I believe that the engineer will prefer a continuous beam to be used if you want to remove the existing piers. This will mean that from what I can tell from the photo's the steel would run below the bottom of the existing bearers. You may be able to run the steelwork beside the existing bearers, but you will need to notch out the others and have additional support cleats fabricated for support to the engineer's requirements. 
Are the short beams actually bearers or were they placed as infill in the previous exercise (office construction). It seems unusual to have bearers forming a cross like what is shown unless they are required for structural support of roof/wall loads from above. Anyway, if you have an engineer look at it you will be able to determine quickly if they are structural or otherwise. 
I have restumped our Qld'er recently allowing new rooms to be built underneath. Used 75*75*5 SHS for the columns with 450 dia x 900 deep concrete footings. Bolted channel sections (200 & 250PFC) to the existing bearers so as I could shift locations of columns to suit room layout.

----------


## silentC

I _think_ that the reason for the cross members was his attempt to reduce some of the bounce in the floor. They are not supported other than skew-nailing to the bearers. I would be taking them out and if necessary putting an extra row of bearers in between.
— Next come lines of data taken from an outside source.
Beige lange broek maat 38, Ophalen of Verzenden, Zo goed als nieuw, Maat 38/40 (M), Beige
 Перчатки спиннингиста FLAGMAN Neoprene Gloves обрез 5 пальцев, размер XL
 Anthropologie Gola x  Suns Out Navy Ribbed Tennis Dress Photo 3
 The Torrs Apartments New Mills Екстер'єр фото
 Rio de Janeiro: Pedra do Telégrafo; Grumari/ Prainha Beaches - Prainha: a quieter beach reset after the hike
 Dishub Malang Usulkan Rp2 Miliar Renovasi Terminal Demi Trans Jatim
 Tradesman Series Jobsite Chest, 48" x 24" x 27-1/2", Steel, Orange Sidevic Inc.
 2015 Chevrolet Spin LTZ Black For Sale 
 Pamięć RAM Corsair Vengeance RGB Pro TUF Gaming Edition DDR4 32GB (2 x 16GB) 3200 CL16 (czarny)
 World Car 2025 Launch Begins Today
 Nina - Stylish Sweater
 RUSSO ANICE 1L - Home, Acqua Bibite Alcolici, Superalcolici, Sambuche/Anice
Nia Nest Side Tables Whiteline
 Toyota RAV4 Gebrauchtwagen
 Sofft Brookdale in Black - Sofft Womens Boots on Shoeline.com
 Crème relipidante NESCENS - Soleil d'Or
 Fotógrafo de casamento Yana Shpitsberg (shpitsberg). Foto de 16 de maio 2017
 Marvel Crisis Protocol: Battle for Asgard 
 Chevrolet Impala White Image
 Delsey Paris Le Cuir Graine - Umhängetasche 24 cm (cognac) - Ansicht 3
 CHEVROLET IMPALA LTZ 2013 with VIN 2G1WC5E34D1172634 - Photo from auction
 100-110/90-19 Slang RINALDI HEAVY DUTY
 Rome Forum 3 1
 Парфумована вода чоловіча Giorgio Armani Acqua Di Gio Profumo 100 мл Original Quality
It probably needs it anyway, because the floor is quite bouncy. 
There is one load-bearing wall above the piers and it is in line with the first row (the row I want to replace). This wall supports a second storey wall and 1/3rd of a roof load as well.

----------


## IanA

All that lovely room under your house. 
You're making me drool!!!

----------


## silentC

OK, the engineer came round this morning and had a look. What he has recommended is pretty much in line with Mick's suggestion. We're going to bolt a channel to the bearers, blocking it out where it's staggered. He doesn't think it will need one on each side.  
To keep the section size down, we're going to have a row of steel piers, probably in the middle. To compensate for that, he reckons I should get in a dingo and excavate the whole bank behind the first row of piers, which would give me another 10 sq. metres of space. That makes a total of about 60 sq. metres. 
We can do all that without removing any existing piers, then when it's finished, I can dig out the bank and remove the old piers at my leisure (funny definition of leisure). It will need a retaining wall all the way around because the sub floor will be above floor level in a lot of places. He can design one so that I wont need to underpin the footings, which will be excellent. You just have to stagger the retaining wall to give the bank a bit of mass on the inside of the sub floor. 
$700 for the onsite inspection plus pier, beam and retaining wall designs. Money well spent I reckon. Downside - requires a construction certificate.

----------